Sounds like quite a project, would be good to see pictures of the whole thing.

One thing I can see is you’re using one of the cheap Chinese controllers. My CNC mill drill uses a similar board and I haven’t been able to make it do spindle control so I can’t help with that.

However, from what I’ve learned I would have started with a better control board, I have a Mesa Electronics board for the next control box I’m building. So, it may be worth your while to stop where you are and redesign from the board out.

There are great resources here, particularly @JimDawson who lives and breathes this stuff.

John
 
Hi and welcome.

Sounds like quite a project, would be good to see pictures of the whole thing.

One thing I can see is you’re using one of the cheap Chinese controllers. My CNC mill drill uses a similar board and I haven’t been able to make it do spindle control so I can’t help with that.

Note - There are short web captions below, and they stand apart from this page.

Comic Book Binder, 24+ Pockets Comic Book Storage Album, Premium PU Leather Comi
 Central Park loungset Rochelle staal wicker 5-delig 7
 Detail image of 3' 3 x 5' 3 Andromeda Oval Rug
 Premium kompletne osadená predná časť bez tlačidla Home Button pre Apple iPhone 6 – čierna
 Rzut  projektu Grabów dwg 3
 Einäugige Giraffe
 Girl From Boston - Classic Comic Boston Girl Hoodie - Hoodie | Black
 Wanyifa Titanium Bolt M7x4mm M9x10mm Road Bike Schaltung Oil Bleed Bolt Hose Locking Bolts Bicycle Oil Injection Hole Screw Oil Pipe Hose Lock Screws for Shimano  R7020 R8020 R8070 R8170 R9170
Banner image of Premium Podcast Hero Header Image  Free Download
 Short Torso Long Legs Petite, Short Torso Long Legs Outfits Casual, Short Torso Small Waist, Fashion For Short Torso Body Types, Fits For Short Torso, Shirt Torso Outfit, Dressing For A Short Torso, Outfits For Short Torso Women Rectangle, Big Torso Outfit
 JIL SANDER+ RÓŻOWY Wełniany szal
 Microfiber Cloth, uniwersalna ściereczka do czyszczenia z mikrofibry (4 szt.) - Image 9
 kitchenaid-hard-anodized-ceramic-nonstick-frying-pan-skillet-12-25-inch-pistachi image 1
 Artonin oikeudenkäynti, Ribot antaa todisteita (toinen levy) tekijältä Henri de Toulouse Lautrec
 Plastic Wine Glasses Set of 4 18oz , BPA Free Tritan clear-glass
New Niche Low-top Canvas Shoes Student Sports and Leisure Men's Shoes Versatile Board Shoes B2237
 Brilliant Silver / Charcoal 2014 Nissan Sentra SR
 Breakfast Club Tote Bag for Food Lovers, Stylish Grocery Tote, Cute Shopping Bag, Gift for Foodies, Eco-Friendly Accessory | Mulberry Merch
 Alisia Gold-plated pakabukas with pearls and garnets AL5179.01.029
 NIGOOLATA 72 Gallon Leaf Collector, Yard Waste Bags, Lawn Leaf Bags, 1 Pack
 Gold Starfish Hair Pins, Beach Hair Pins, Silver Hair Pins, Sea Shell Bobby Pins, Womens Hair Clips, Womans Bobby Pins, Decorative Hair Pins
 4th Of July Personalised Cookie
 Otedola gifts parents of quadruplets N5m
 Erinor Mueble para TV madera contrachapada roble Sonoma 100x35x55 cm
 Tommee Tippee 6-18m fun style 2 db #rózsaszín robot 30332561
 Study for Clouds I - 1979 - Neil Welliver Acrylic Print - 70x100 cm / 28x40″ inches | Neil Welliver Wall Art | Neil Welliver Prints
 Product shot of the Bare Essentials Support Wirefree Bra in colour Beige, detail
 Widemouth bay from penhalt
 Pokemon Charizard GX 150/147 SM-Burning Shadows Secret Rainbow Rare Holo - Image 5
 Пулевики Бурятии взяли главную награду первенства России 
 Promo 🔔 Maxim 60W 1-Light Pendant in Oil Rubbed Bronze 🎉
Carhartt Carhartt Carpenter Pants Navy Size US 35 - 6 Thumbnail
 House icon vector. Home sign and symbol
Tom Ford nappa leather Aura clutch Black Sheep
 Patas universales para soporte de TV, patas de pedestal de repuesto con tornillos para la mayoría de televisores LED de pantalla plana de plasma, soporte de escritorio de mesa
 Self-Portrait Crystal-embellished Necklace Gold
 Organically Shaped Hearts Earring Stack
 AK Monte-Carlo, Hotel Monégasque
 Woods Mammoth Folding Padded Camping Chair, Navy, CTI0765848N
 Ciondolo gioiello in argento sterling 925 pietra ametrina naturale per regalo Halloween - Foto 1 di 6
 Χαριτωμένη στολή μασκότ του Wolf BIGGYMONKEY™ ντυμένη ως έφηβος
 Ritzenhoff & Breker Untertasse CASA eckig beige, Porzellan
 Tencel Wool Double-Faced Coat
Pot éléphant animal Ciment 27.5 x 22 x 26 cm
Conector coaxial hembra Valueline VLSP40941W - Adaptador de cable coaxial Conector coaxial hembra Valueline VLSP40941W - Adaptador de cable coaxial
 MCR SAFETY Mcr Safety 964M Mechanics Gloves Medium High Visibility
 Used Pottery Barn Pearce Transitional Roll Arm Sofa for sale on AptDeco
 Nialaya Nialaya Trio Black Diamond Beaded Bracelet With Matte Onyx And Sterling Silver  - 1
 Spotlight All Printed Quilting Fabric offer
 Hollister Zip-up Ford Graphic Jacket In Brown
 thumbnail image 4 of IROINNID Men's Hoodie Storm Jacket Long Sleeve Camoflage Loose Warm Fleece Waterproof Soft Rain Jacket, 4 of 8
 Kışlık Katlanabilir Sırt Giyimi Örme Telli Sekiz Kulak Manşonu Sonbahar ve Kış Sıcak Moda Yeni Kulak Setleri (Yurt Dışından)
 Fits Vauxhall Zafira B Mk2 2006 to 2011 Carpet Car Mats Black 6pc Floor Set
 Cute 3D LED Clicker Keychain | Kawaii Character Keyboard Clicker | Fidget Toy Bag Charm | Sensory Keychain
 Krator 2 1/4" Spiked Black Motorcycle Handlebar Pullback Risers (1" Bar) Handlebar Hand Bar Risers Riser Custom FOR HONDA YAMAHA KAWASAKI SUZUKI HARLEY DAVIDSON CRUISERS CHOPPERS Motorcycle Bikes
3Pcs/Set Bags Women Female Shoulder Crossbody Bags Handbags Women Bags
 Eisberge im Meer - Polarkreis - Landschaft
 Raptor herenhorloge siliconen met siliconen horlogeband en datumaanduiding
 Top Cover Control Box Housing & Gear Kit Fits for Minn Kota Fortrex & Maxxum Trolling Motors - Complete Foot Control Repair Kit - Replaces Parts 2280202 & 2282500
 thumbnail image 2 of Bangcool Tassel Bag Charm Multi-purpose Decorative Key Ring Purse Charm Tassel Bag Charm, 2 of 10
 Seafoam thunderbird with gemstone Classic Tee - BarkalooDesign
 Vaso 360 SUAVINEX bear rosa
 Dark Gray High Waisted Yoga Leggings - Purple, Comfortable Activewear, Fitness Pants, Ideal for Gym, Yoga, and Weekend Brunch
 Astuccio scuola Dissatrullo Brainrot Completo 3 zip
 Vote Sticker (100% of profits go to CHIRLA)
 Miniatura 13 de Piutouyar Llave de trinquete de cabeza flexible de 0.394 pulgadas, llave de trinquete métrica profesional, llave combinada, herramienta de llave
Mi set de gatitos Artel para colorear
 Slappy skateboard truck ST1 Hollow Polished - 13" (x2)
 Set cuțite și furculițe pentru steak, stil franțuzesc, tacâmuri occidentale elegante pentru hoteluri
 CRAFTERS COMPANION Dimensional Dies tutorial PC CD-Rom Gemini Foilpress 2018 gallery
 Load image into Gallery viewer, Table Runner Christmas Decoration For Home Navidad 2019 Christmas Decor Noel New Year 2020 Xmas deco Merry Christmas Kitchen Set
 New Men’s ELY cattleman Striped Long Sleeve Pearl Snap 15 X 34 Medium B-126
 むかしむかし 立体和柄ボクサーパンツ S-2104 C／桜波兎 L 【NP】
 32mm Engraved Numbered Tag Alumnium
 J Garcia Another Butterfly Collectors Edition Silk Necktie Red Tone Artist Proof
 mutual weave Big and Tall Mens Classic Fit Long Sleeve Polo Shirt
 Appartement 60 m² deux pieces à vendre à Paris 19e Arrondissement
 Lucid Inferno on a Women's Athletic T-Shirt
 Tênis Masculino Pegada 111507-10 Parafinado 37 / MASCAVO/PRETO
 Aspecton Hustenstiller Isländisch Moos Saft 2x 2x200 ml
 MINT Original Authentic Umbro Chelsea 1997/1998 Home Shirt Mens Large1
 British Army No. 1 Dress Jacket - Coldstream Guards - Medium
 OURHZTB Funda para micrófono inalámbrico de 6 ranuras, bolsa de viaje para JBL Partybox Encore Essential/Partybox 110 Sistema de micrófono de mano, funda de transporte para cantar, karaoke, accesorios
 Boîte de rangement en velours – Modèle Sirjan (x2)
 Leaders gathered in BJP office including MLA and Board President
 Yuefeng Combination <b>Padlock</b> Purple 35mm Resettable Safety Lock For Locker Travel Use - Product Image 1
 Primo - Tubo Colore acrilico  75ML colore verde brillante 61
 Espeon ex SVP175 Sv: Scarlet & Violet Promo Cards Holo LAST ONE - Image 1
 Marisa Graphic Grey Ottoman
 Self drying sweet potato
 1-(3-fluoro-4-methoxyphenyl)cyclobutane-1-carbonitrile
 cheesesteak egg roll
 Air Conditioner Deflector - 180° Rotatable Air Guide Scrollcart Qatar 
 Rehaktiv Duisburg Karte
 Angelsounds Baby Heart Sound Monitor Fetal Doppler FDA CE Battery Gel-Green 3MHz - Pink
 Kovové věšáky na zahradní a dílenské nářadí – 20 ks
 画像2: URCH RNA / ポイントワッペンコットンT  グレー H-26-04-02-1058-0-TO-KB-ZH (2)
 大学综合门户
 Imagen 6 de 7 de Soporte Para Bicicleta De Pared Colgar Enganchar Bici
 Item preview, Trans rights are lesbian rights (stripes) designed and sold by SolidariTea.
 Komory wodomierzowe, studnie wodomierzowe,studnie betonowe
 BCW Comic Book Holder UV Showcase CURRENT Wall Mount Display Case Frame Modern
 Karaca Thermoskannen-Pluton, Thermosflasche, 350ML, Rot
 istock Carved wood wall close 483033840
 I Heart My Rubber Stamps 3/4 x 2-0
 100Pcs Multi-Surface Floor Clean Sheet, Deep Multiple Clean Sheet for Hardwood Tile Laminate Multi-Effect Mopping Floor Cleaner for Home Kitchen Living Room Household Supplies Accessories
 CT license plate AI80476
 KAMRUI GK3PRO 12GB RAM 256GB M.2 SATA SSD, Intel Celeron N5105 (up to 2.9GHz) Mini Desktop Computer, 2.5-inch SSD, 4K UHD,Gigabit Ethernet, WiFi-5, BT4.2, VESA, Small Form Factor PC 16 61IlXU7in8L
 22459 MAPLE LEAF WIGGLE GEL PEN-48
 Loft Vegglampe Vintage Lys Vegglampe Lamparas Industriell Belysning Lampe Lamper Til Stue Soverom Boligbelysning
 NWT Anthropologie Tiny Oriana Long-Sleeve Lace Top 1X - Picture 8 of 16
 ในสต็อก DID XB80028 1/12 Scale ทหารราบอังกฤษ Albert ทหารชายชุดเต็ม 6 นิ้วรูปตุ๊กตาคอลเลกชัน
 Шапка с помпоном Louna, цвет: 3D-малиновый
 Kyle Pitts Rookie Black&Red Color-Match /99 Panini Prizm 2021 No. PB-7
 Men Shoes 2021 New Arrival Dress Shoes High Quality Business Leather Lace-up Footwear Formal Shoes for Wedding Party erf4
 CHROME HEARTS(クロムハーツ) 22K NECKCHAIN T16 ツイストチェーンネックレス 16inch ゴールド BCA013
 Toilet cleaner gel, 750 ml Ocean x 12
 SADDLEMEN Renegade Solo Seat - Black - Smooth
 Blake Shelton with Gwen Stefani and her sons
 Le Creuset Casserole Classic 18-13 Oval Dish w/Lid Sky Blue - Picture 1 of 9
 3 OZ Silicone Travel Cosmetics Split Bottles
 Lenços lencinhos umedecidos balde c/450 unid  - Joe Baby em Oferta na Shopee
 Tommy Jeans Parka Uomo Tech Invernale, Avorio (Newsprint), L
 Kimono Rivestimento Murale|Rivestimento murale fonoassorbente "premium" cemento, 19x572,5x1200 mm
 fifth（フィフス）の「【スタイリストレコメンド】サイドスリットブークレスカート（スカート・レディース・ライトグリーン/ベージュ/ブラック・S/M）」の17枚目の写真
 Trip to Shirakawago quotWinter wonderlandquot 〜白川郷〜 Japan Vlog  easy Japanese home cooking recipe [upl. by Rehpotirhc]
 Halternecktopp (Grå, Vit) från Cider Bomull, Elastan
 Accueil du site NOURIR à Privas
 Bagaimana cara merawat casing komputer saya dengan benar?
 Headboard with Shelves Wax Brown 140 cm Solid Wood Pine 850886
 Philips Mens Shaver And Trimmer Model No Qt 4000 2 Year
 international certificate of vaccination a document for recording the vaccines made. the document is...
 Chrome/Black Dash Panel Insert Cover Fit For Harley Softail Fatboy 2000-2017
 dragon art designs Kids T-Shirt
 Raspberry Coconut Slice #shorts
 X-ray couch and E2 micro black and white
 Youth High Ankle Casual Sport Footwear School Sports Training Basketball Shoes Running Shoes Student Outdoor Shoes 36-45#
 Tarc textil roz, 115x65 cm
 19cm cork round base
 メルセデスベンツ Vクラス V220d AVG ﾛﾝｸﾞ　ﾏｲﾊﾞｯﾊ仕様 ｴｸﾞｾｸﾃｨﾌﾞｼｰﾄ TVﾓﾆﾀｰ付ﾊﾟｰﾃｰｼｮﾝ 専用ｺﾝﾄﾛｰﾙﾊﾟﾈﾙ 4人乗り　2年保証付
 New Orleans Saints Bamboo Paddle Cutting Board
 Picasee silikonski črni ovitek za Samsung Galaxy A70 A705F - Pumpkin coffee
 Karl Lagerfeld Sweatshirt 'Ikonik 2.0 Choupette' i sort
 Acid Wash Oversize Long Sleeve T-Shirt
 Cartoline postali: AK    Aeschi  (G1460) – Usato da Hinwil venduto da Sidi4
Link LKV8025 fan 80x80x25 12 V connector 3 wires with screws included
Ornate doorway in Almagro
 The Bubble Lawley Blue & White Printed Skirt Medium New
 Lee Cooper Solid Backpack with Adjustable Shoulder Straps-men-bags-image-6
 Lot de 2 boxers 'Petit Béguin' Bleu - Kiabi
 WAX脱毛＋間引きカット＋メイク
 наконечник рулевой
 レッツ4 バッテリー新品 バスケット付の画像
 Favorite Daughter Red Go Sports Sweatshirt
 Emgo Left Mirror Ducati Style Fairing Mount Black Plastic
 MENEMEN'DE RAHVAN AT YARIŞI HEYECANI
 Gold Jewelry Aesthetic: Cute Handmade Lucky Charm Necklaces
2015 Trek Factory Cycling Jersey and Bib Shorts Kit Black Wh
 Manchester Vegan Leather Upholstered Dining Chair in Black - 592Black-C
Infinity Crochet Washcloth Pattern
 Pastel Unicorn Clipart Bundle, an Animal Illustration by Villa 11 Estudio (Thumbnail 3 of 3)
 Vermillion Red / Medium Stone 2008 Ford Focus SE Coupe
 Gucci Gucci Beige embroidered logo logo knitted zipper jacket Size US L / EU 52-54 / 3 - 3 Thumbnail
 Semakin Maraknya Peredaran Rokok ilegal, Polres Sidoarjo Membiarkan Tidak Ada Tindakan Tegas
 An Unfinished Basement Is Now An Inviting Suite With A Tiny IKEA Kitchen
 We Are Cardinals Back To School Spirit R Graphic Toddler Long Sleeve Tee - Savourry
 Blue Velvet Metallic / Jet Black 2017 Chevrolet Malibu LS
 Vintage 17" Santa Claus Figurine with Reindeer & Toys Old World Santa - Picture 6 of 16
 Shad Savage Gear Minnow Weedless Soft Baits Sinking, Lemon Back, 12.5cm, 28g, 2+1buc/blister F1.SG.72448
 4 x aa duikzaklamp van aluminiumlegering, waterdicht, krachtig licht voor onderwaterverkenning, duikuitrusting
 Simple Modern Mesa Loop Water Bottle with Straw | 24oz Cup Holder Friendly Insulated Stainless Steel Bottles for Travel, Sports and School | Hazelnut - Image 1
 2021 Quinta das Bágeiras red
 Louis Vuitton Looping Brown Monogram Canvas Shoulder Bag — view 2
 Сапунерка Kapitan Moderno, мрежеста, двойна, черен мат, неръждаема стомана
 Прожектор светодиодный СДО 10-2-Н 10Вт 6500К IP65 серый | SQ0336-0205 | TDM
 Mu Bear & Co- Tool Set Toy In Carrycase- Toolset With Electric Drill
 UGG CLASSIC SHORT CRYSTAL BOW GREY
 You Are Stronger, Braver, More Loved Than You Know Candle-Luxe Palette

However, from what I’ve learned I would have started with a better control board, I have a Mesa Electronics board for the next control box I’m building. So, it may be worth your while to stop where you are and redesign from the board out.

There are great resources here, particularly @JimDawson who lives and breathes this stuff.

John
Thanks John,

The enco is a gear head lathe so I'll just be turning spindle on and off with it (and reverse direction). No actual speed control that I'm aware of through the hook ups.

The other part is an x axis motor and z axis. So hopefully the board will be okay.

Haven't actually tested the board yet since the motor isn't wired in haha! If it doesn't work then I'll look into better boards.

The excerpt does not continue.